Metadata-Version: 2.4
Name: edm98
Version: 0.1.0
Summary: EDM-98 dataset package with optional EDMFormer inference tooling
Author: Sahal Sajeer Kalandan
License: CC-BY-4.0
Project-URL: Homepage, https://github.com/25ohms/EDM-98
Project-URL: Repository, https://github.com/25ohms/EDM-98
Project-URL: Issues, https://github.com/25ohms/EDM-98/issues
Project-URL: Paper, https://arxiv.org/abs/2603.08759
Keywords: music,dataset,edm,structure-analysis,audio
Classifier: Development Status :: 3 - Alpha
Classifier: Intended Audience :: Developers
Classifier: Intended Audience :: Science/Research
Classifier: Programming Language :: Python :: 3
Classifier: Programming Language :: Python :: 3.10
Classifier: Programming Language :: Python :: 3.11
Classifier: Programming Language :: Python :: 3.12
Classifier: Topic :: Multimedia :: Sound/Audio :: Analysis
Classifier: Topic :: Scientific/Engineering :: Artificial Intelligence
Requires-Python: >=3.10
Description-Content-Type: text/markdown
License-File: LICENSE
License-File: src/edm98/resources/LICENSE
Provides-Extra: dev
Requires-Dist: pytest>=8.0; extra == "dev"
Requires-Dist: ruff>=0.11.0; extra == "dev"
Requires-Dist: PyYAML>=6.0; extra == "dev"
Provides-Extra: inference
Requires-Dist: PyYAML>=6.0; extra == "inference"
Requires-Dist: torch>=2.4.0; extra == "inference"
Requires-Dist: librosa>=0.11.0; extra == "inference"
Requires-Dist: omegaconf>=2.3.0; extra == "inference"
Requires-Dist: safetensors>=0.5.3; extra == "inference"
Requires-Dist: x-transformers>=2.4.14; extra == "inference"
Requires-Dist: scipy>=1.15.0; extra == "inference"
Provides-Extra: ui
Requires-Dist: gradio>=5.0; extra == "ui"
Dynamic: license-file

# EDM-98

`EDM-98` packages the EDM-98 dataset and an optional EDMFormer-based inference stack for local experimentation, app development, and downstream tooling.

## What Is Included

- the canonical EDM-98 label artifact packaged with the module
- canonical split files packaged with the module
- a lightweight Python package for dataset loading and validation
- an optional inference pipeline for EDMFormer
- a CLI for validation, prediction, cache warming, and demo launch
- a Gradio app with a waveform timeline and color-coded section predictions

## Dataset

EDM-98 was created from a curated 98-song set with Rekordbox cue-point labeling. The original dataset artifact was created as JSON and later converted to JSONL to match the label-file format expected by the SongFormer architecture.

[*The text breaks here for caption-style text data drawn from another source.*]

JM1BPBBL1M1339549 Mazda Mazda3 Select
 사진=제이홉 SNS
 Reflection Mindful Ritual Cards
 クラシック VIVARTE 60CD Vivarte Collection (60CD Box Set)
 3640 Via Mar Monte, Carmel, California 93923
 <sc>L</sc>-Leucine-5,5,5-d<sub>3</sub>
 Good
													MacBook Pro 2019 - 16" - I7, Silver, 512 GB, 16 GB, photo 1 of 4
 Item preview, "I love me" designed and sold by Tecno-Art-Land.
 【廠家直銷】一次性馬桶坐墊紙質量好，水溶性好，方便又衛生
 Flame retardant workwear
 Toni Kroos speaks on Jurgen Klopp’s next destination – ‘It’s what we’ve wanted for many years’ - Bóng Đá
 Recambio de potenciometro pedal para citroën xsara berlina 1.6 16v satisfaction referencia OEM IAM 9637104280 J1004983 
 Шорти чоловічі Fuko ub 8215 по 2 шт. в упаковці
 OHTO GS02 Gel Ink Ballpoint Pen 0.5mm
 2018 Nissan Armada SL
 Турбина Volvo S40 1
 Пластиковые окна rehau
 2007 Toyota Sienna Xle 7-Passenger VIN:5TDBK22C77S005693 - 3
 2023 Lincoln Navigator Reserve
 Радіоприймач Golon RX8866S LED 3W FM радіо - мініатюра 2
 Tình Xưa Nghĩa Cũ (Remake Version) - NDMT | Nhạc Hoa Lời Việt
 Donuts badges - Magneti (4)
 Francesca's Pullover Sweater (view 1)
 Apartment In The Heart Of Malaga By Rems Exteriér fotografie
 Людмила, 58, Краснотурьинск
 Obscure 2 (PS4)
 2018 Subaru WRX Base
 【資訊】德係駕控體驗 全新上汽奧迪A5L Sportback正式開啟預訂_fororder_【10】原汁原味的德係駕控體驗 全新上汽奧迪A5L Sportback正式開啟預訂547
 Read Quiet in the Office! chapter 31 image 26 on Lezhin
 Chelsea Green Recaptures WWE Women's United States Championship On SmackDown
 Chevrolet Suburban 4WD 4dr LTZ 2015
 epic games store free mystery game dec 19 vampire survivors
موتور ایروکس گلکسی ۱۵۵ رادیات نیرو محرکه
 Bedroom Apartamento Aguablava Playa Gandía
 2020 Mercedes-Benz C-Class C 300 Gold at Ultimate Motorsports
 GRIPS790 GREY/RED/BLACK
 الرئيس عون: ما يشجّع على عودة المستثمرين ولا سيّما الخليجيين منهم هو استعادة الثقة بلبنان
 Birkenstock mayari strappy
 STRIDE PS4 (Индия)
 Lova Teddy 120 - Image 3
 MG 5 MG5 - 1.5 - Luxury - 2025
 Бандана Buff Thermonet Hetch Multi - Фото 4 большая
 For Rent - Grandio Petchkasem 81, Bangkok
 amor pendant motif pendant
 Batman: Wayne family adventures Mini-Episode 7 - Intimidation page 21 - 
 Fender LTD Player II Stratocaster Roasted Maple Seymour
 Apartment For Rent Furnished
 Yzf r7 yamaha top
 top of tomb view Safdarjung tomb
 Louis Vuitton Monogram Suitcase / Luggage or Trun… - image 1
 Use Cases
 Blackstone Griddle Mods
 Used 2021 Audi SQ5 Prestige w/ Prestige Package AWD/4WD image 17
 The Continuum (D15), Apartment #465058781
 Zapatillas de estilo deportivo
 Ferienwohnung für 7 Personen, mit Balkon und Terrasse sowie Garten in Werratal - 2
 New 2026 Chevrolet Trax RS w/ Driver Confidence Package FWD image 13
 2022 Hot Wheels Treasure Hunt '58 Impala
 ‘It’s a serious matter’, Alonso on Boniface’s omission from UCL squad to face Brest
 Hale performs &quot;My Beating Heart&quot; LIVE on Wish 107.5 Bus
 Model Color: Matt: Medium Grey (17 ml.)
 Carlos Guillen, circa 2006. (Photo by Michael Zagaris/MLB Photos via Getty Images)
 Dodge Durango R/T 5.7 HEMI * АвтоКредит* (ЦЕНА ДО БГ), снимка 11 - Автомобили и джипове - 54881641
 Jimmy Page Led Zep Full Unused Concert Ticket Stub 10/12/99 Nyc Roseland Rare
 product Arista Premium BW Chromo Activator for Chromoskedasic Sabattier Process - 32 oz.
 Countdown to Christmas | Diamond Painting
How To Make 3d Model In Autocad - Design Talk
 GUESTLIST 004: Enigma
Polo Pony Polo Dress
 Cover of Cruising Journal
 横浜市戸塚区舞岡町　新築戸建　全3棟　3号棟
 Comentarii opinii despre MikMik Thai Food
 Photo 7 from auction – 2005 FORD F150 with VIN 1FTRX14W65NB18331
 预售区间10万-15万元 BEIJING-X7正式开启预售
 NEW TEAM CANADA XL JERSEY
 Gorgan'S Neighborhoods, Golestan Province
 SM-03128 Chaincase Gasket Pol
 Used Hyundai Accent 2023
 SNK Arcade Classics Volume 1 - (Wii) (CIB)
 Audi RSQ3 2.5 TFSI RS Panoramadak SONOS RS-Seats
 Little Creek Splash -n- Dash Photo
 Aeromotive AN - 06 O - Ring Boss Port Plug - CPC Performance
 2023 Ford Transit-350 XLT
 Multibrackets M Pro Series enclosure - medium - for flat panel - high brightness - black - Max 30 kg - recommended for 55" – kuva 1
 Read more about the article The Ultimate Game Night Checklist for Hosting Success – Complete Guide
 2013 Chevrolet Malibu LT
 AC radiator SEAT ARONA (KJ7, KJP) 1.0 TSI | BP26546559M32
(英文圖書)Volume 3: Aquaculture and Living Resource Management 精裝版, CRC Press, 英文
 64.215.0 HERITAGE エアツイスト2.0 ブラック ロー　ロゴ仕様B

The dataset and split files are loaded from packaged resources inside `edm98`, under `src/edm98/resources/`. That packaged copy is the canonical source used by the Python API and PyPI distribution.

The primary labels exposed by the EDMFormer setup are:

- `intro`
- `buildup`
- `drop`
- `breakdown`
- `outro`
- `silence`

Each packaged dataset record currently includes:

- `id`: the Deezer track identifier used as the canonical record ID
- `labels`: a strictly increasing list of `[time, label]` pairs terminated by `end`
- `file_path`: the original filename used during labeling when available

For local preprocessing and training, the canonical audio contract is that each downloaded song is stored as `<deezer_id>.<ext>`, for example `1060564312.mp3`. `file_path` is preserved as provenance metadata, not as the primary lookup key.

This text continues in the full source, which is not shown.